Image-caption web data
+---+
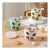 TAZON PANDA COLORES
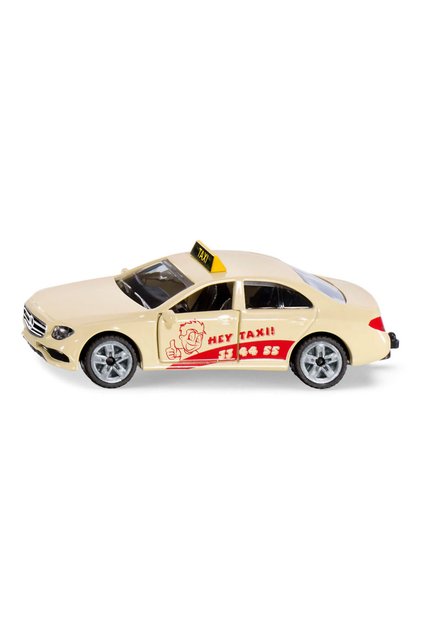Taxi 1502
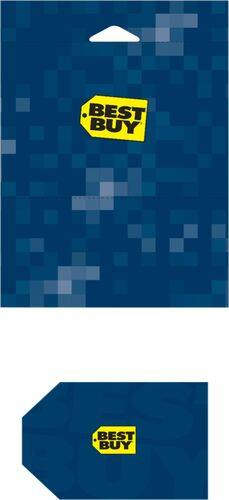 Best Buy® - $100 Best Buy Tag-Front_Standard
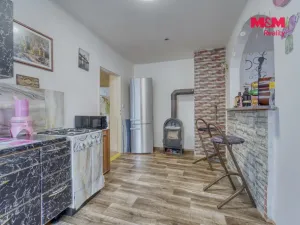 Prodej bytu 3+1, Teplá, Klášterní, 80 m2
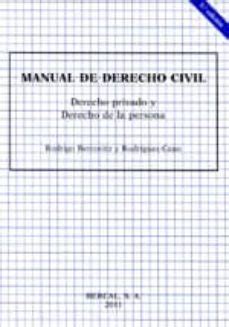 Manual de derecho civil derecho privado y derecho de la persona 5a ed. - Scott foresman science weather study guide.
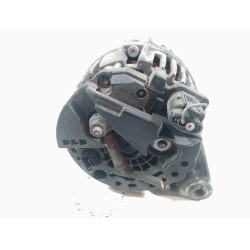 Recambio de alternador para renault mascott ka 150.35/55 base referencia OEM IAM 0124510001  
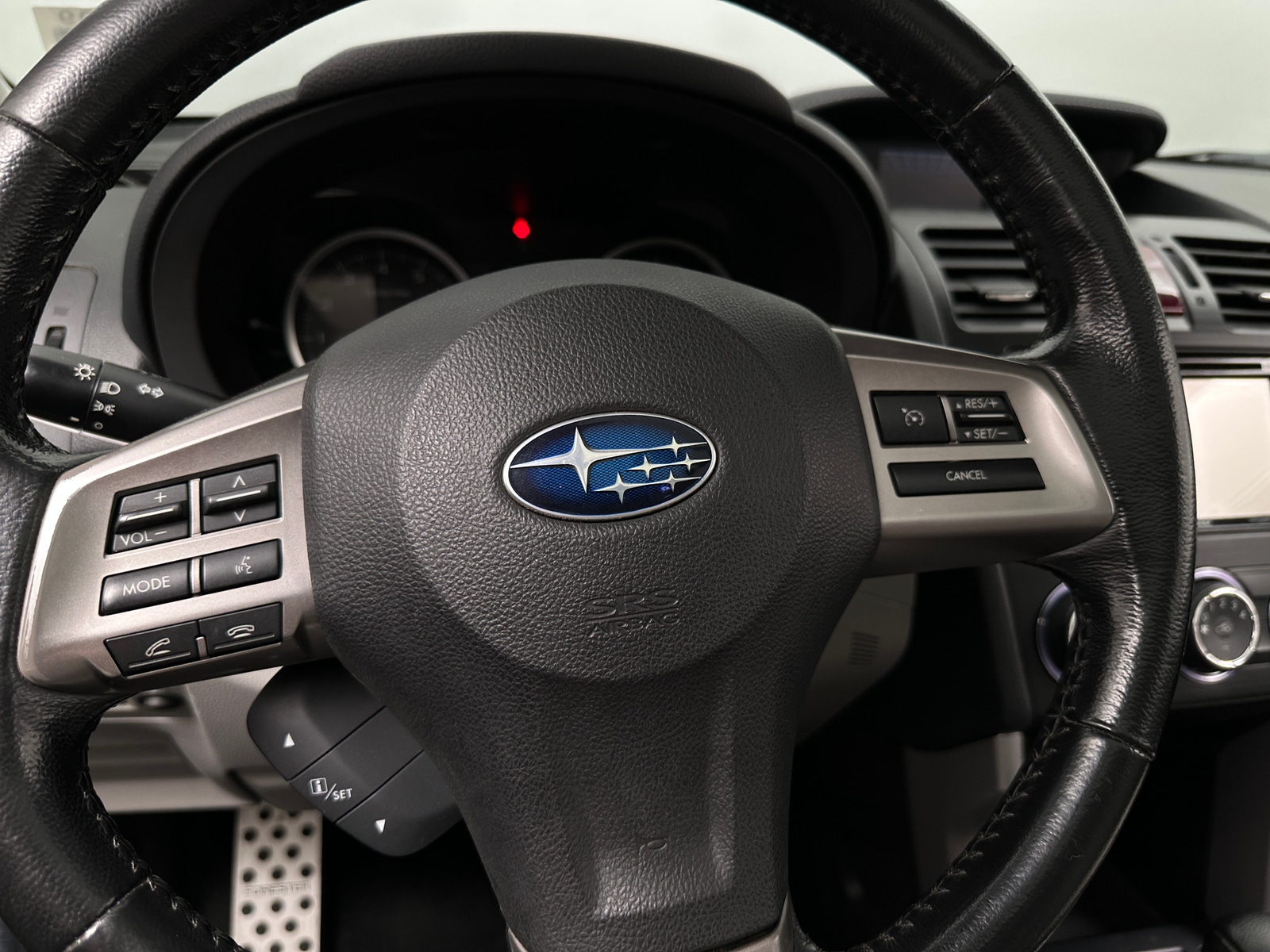 Thumbnail: 2014 Subaru Forester - 5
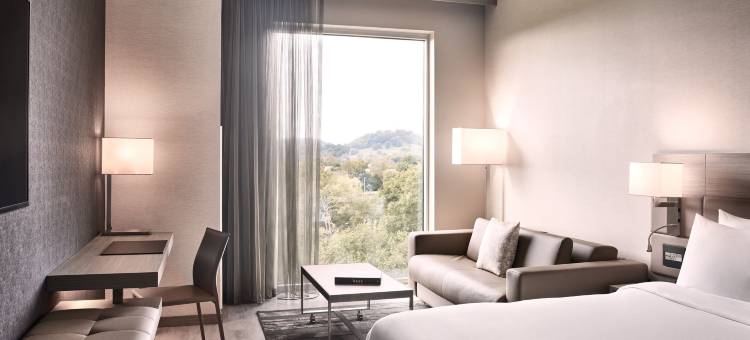 马里奥特AC纳什维尔布伦特伍德酒店(AC Hotel Nashville Brentwood)图片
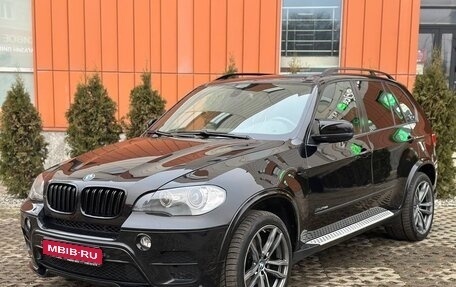 BMW X5, 2011 год, 1 630 000 рублей, 1 фотография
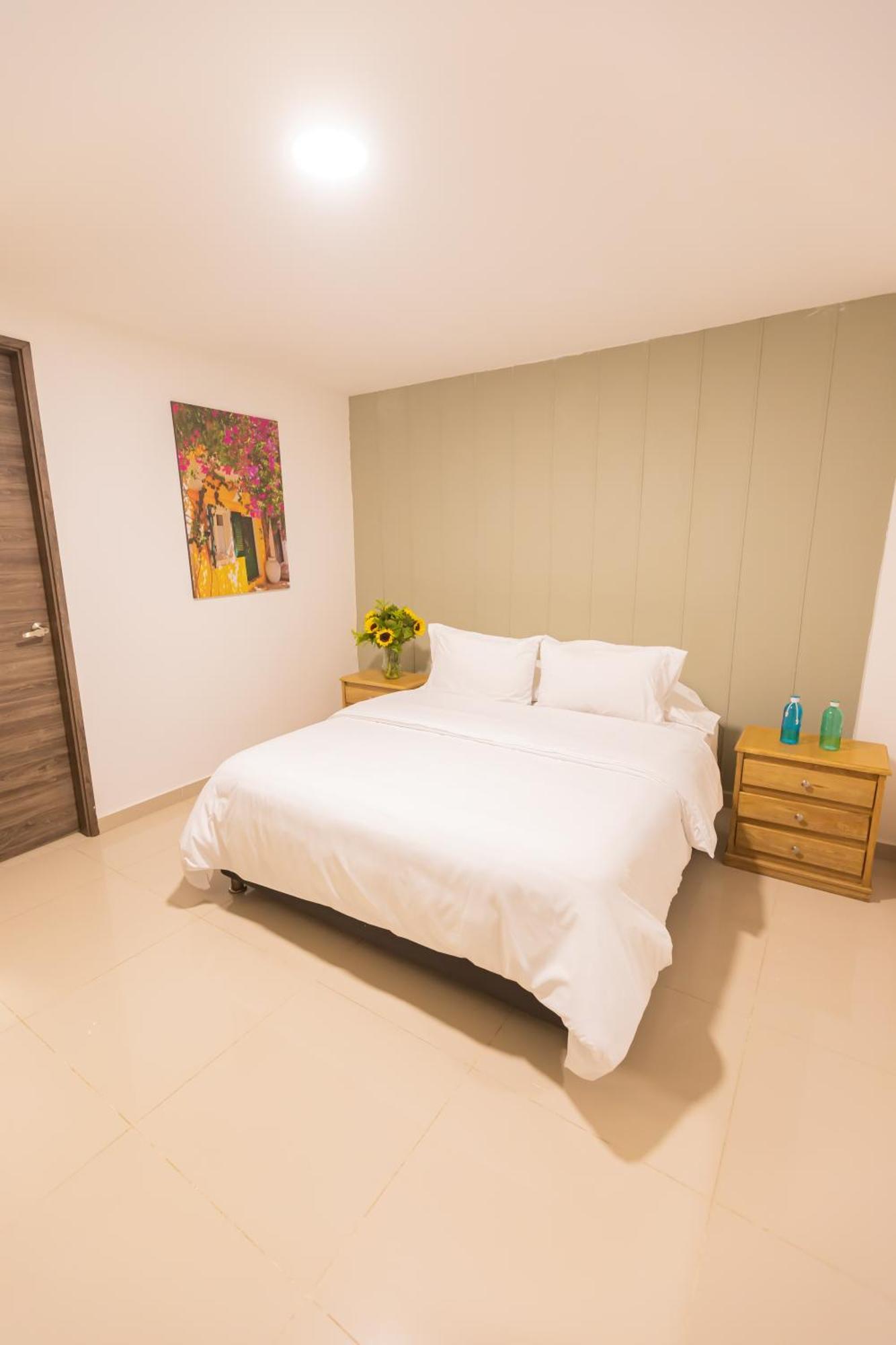 Rocco Hotel Boutique Cartagena Esterno foto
+---+
The answer must be the lines above from the one containing "Best Buy® - $100 Best Buy Tag-Front_Standard" through the one containing "Manual de derecho", reproduced exactly, with no pictures and nothing else.

 Best Buy® - $100 Best Buy Tag-Front_Standard
 Prodej bytu 3+1, Teplá, Klášterní, 80 m2
 Manual de derecho civil derecho privado y derecho de la persona 5a ed. - Scott foresman science weather study guide.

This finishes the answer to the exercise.